I fell in love with bankruptcy in law school; my first job was at a bankruptcy court in Chicago. I believed it was so important for our society to help people get back on their feet. Over time, I’ve fallen out of love. The bankruptcy system has become less effective at helping families cancel debts. Congress was taken with arguments from the credit industry about personal responsibility—made at a time when the credit industry was making record profits. There’s also evidence that African American families pay more for bankruptcy and are less likely to get it. There need to be structural change to address that—and the use of bankruptcy by what I call “fake people.”

Fake people?

Corporations, cities, nonprofit organizations, churches—all these entities use bankruptcy. On the one hand, Chapter 11 bankruptcy is necessary for small businesses to be able to get over hard times. But Congress made bankruptcy more difficult for small businesses. Instead, powerful players have been able to change the law bit by bit for their own benefit. The law got dismantled over time, and that’s changed who’s helped and who’s hurt by the system. Now we are seeing bankruptcy used to handle issues like child sex abuse and the opioid crisis.

How does that work?

For instance, when Detroit and San Bernardino declared bankruptcy, survivors of police brutality who were owed damages ended up with the lowest rates of compensation of any claimant.
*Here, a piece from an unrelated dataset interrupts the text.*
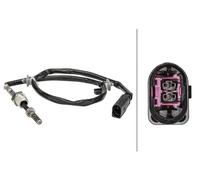 HELLA 6PT 358 181-171 Sensor, exhaust gas temperature - 2-pin connector - Bolted - Cable: 495mm - with fastening clips on the cable
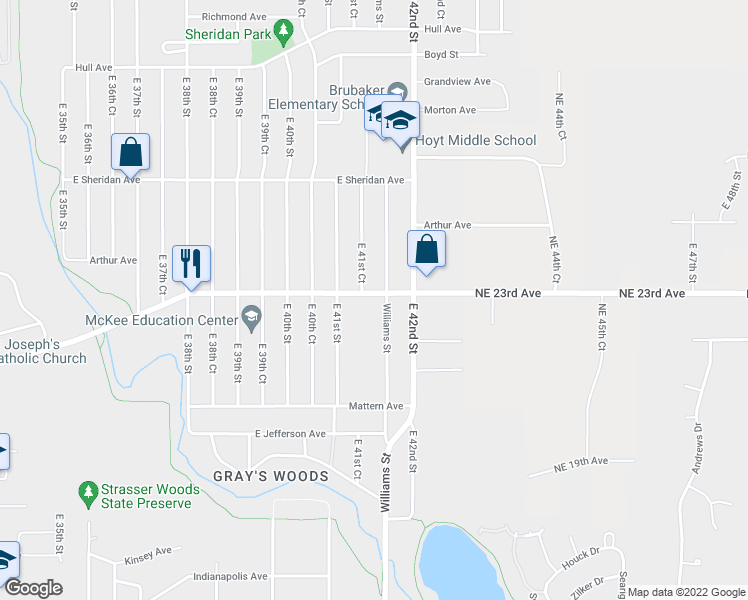 map of restaurants, bars, coffee shops, grocery stores, and more near 4135 Easton Boulevard in Des Moines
These are people who didn’t ask to be creditors, they didn’t lend money to the city, and yet they were swept into the bankruptcy along with everybody else. Astoundingly, the families affected by the Sandy Hook shooting have been dragged into bankruptcy court multiple times as creditors, first by [gun manufacturer] Remington, and then because Alex Jones filed for bankruptcy after a judgment that he had defamed them by saying Sandy Hook was a hoax. The use of bankruptcy by nonprofits to manage liability for child sex abuse started with the Catholic Church in the 2000s; I think now over 35 Catholic dioceses have filed for bankruptcy for that reason.

Is this a partisan issue?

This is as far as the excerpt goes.